**SUPPLIED INFORMATION**

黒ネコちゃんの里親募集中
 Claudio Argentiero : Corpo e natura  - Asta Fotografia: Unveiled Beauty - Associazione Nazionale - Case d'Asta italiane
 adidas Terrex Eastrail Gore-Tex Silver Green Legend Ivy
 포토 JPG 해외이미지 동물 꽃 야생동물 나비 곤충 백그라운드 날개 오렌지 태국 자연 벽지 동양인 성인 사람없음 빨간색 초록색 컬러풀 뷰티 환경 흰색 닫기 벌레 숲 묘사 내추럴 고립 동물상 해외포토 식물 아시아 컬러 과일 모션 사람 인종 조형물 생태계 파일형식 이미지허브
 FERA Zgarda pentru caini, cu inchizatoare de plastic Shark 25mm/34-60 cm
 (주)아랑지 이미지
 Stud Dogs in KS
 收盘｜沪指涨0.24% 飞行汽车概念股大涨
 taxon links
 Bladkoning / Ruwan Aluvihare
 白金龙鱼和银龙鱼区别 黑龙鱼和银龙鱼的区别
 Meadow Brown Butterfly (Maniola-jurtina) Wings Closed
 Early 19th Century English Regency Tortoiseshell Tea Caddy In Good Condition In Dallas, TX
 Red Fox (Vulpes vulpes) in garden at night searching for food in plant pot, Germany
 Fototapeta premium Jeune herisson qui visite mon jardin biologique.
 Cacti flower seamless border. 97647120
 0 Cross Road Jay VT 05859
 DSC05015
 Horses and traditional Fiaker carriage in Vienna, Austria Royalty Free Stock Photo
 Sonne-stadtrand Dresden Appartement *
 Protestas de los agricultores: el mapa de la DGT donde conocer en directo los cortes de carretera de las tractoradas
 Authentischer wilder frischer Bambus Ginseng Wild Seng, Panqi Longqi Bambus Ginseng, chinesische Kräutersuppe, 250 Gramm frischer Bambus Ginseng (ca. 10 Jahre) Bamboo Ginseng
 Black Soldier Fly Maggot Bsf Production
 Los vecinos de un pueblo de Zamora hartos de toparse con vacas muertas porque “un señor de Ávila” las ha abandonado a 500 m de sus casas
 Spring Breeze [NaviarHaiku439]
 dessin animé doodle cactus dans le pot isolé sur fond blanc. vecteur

**PROBLEM DESCRIPTION**
Hand back the listing exactly. Include every line.

**ANSWER SPACE**
黒ネコちゃんの里親募集中
 Claudio Argentiero : Corpo e natura  - Asta Fotografia: Unveiled Beauty - Associazione Nazionale - Case d'Asta italiane
 adidas Terrex Eastrail Gore-Tex Silver Green Legend Ivy
 포토 JPG 해외이미지 동물 꽃 야생동물 나비 곤충 백그라운드 날개 오렌지 태국 자연 벽지 동양인 성인 사람없음 빨간색 초록색 컬러풀 뷰티 환경 흰색 닫기 벌레 숲 묘사 내추럴 고립 동물상 해외포토 식물 아시아 컬러 과일 모션 사람 인종 조형물 생태계 파일형식 이미지허브
 FERA Zgarda pentru caini, cu inchizatoare de plastic Shark 25mm/34-60 cm
 (주)아랑지 이미지
 Stud Dogs in KS
 收盘｜沪指涨0.24% 飞行汽车概念股大涨
 taxon links
 Bladkoning / Ruwan Aluvihare
 白金龙鱼和银龙鱼区别 黑龙鱼和银龙鱼的区别
 Meadow Brown Butterfly (Maniola-jurtina) Wings Closed
 Early 19th Century English Regency Tortoiseshell Tea Caddy In Good Condition In Dallas, TX
 Red Fox (Vulpes vulpes) in garden at night searching for food in plant pot, Germany
 Fototapeta premium Jeune herisson qui visite mon jardin biologique.
 Cacti flower seamless border. 97647120
 0 Cross Road Jay VT 05859
 DSC05015
 Horses and traditional Fiaker carriage in Vienna, Austria Royalty Free Stock Photo
 Sonne-stadtrand Dresden Appartement *
 Protestas de los agricultores: el mapa de la DGT donde conocer en directo los cortes de carretera de las tractoradas
 Authentischer wilder frischer Bambus Ginseng Wild Seng, Panqi Longqi Bambus Ginseng, chinesische Kräutersuppe, 250 Gramm frischer Bambus Ginseng (ca. 10 Jahre) Bamboo Ginseng
 Black Soldier Fly Maggot Bsf Production
 Los vecinos de un pueblo de Zamora hartos de toparse con vacas muertas porque “un señor de Ávila” las ha abandonado a 500 m de sus casas
 Spring Breeze [NaviarHaiku439]
 dessin animé doodle cactus dans le pot isolé sur fond blanc. vecteur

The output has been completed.